Edmund Goldsmid (1849-1890?) was a writer and bibliographer, probably Scottish. His numerous works include Quaint Gleanings from Ancient Poetry, Some Political Satires of the Seventeenth Century, The Political Songs of England and others. He edited an astonishing number of reprints of old texts, so many in fact that different bibliographies list different works. Some of the more interesting sounding editorial work includes History of the Devils of Loudun, Maistre's Journey Around My Room, The Massacre of Glencoe, The Secret Correspondence of Sir Robert Cecil with James VI. King of Scotland, and a major edition of Hakluyt's Principal Navigations.
And how could I omit the reprinted Lucina sine concubitu: a treatise humbly addressed to the Royal Society, in which it is proved, by most incontestable evidence, drawn from reason and practice, that a woman may conceive and be brought to bed, without any commerce with man?
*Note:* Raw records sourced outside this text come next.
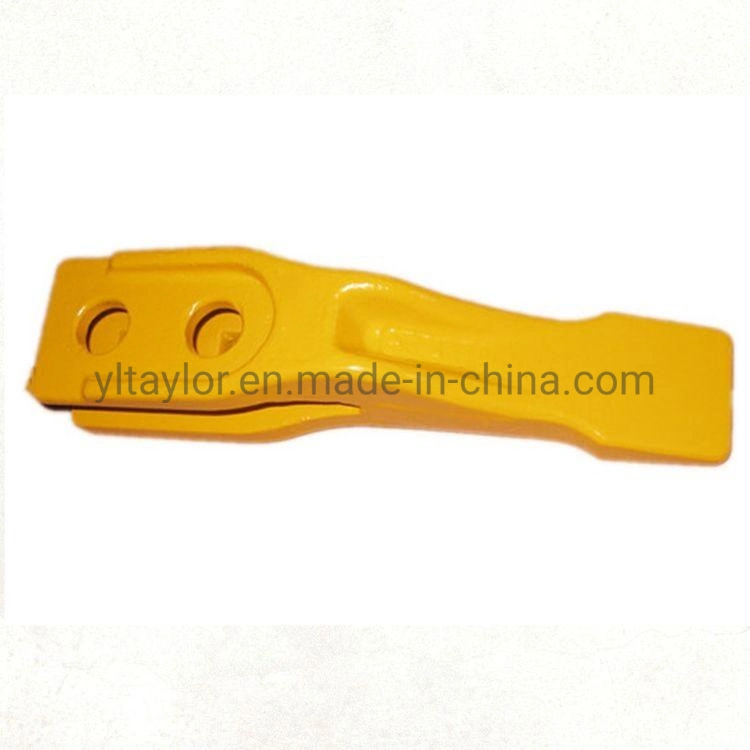 Os Dentes da caçamba China Fornecedor ponto de dente de caçamba de Cat J225/SK700 Escavadoras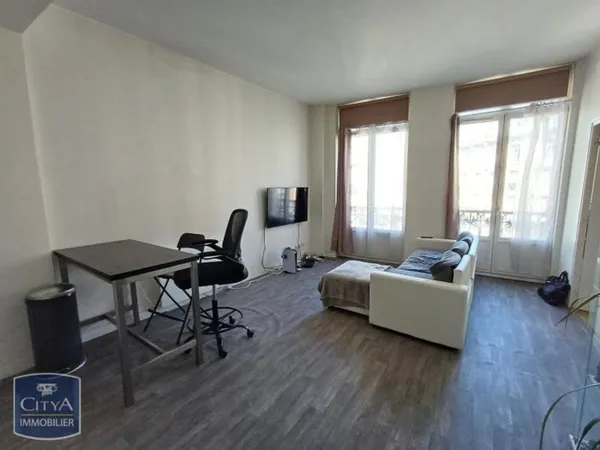 Appartement 2 pièces 41 m²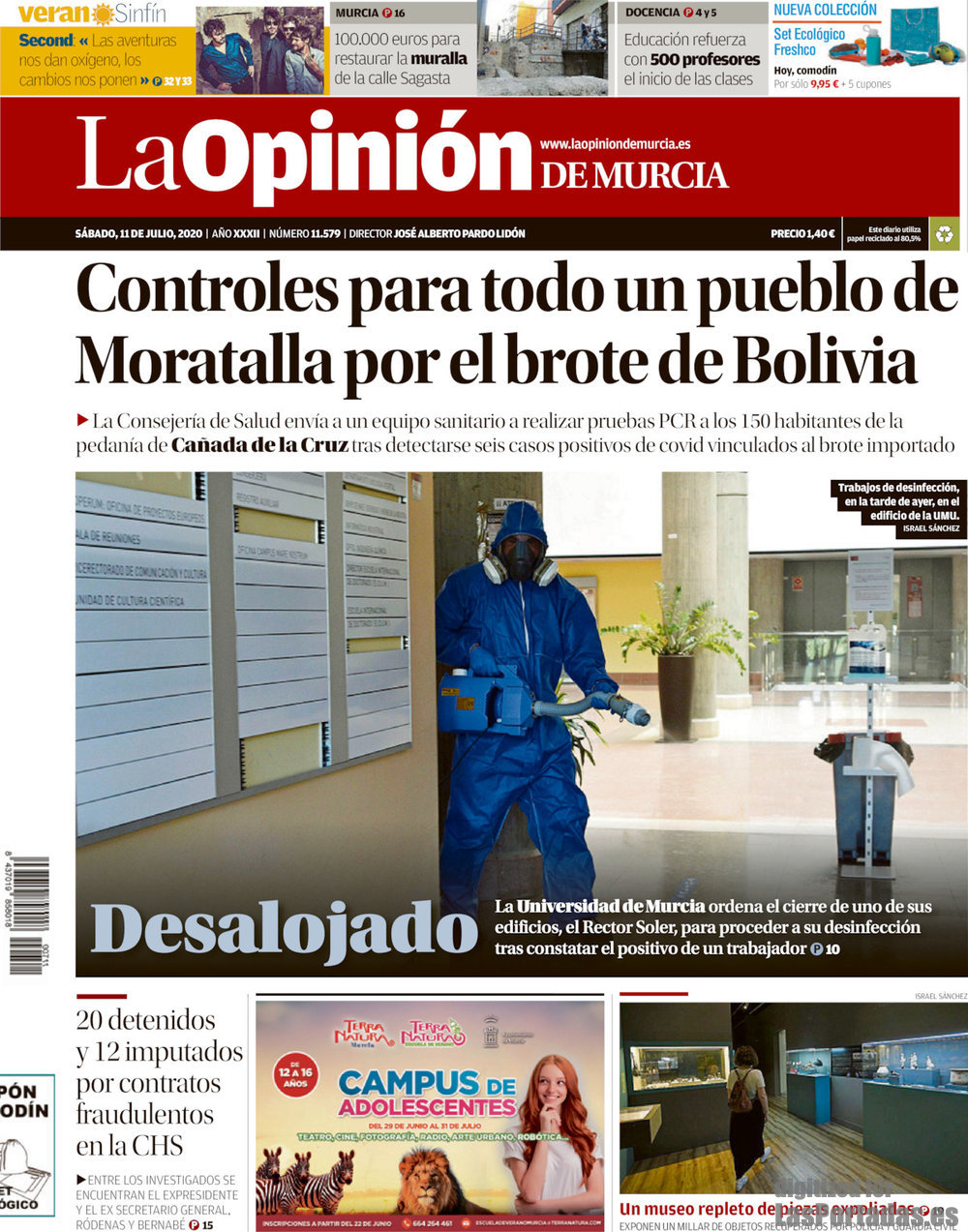 La Opinión de Murcia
This was actually a hoax written by a John Hill in the 18th century when rejected by the Royal Society for membership (at least according to a library record).
For such a prolific writer I can find little information about him - this isn't the first time I wish author notes weren't such a recent development. I'm not even entirely sure about his dates. 1849 comes up in several sources. 1890 appears in only one but it seems to make him quite young for such a long list of works though as far as I can find none are dated after that. He was a Fellow of the Royal Historical Society and an FSA which isn't a Fellow of the Society of Antiquaries according to a helpful library assistant there who suggested maybe it means Society of Arts. (I never heard back from the RHS but that was a long shot.)